The gap between where first-time buyers want to buy in Paris and where they can actually afford to is wider than it has been in a decade. Central arrondissements — the 1st through the 8th — are effectively closed off to anyone without significant family wealth or a double income pushing €120,000 a year. The average square metre price in the 6th arrondissement hit €14,200 in the first quarter of 2026, according to figures from the Chambre des Notaires de Paris. That leaves a growing cohort of buyers pivoting east and north, and increasingly, beyond the Périphérique entirely.
This matters now for a specific reason: the Grand Paris Express, the €35 billion metro expansion project managed by Société du Grand Paris, is no longer a promise on a planning document. Line 15 South has been operational since late 2025, and construction milestones on Lines 16 and 17 are visibly accelerating through communities like Saint-Denis and Rosny-sous-Bois. Property values follow infrastructure. Buyers who move twelve months before a station opens consistently outperform those who wait for ribbon-cutting ceremonies.
Where the Value Actually Is Right Now
The 9th and 11th arrondissements remain the clearest entry points within Paris intramuros for buyers with budgets between €350,000 and €550,000 for a two-room apartment. The 11th — anchored by the Rue de la Roquette and the Place de la Bastille corridor — averaged €9,400 per square metre in May 2026. That is still a stretch, but the neighbourhood's density of independent restaurants, proximity to the Marais, and strong rental demand from young professionals make it defensible as a long-term hold.
The 19th arrondissement is the more surprising opportunity. Around the Bassin de la Villette and the Canal de l'Ourcq, prices run between €7,800 and €8,500 per square metre depending on floor and finish. The Parc de la Villette draws 10 million visitors a year, the neighbourhood has seen consistent café and co-working investment since 2023, and the RER E extension — part of the broader Eole project — brings Haussmann-Saint-Lazare within twelve minutes. First-time buyers who looked at this area two years ago and hesitated have already missed a 6 percent appreciation cycle.
For those willing to cross into the inner suburbs, Pantin and Montreuil deserve serious attention. Pantin, directly adjacent to the 19th, has attracted fashion and design studios — Hermès expanded its leather goods atelier there in 2020 — and one-bedroom apartments on streets like the Rue Hoche in Pantin trade at €5,900 to €6,400 per square metre.
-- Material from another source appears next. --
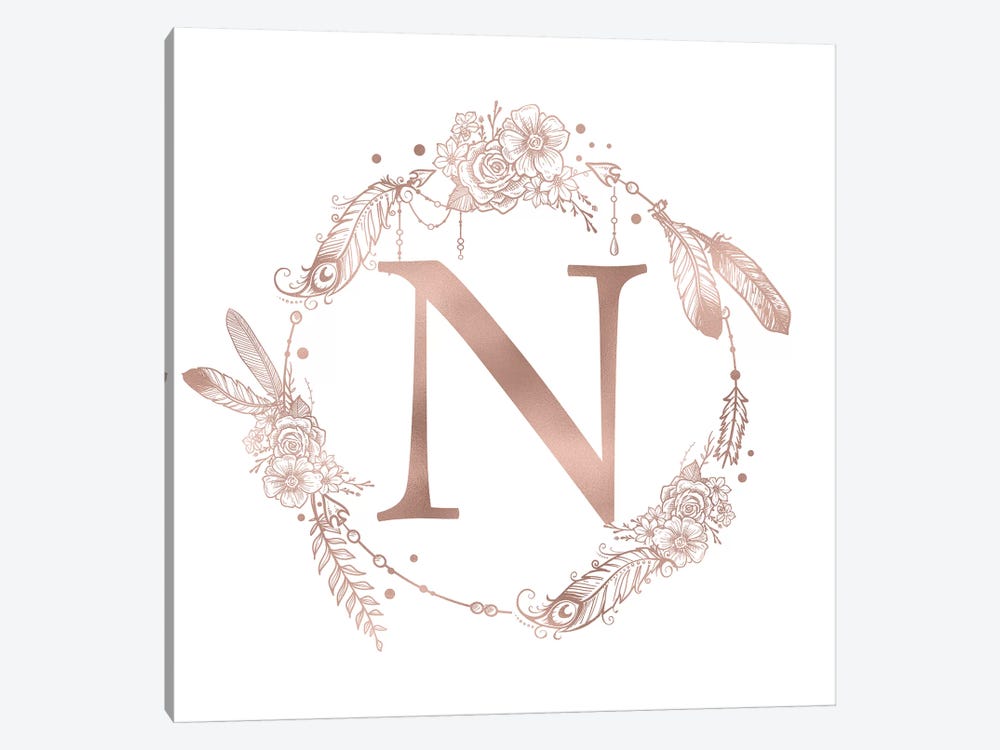 The Letter N by Nature Magick 1-piece Canvas Art Print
Montreuil, a commune of 110,000 people bordering the 20th arrondissement, offers even sharper pricing near the Croix de Chavaux metro stop on Line 9, where comparable stock runs €5,200 to €5,700 per square metre.
What First-Time Buyers Should Actually Do Next
The Prêt à Taux Zéro — France's zero-interest loan scheme for first-time buyers — was extended through December 2027 under the revised conditions announced by the Ministère du Logement in March 2026. The scheme covers up to 40 percent of the purchase price for new-build properties and certain renovated units in designated zones. Pantin and several sectors of the 19th arrondissement qualify. Buyers should contact the Agence Nationale pour l'Information sur le Logement, known as ANIL, which runs free advisory appointments at its Paris office on the Boulevard Saint-Germain and through online booking.
Get a mortgage agreement in principle — une offre de prêt de principe — before visiting a single apartment. Paris notaires move fast, and sellers in the 9th and 11th will not wait three weeks for a buyer to organise financing. Budget for notaire fees of roughly 7 to 8 percent on top of the purchase price for existing properties; this figure shocks first-time buyers who only factor in the headline price.
The window for buying ahead of the next Grand Paris station openings — particularly on Line 16 serving Saint-Denis Pleyel, scheduled for 2027 — is measured in months, not years. The buyers sitting on the sidelines waiting for prices to dip are betting against a transport calendar that is, for once, actually on schedule.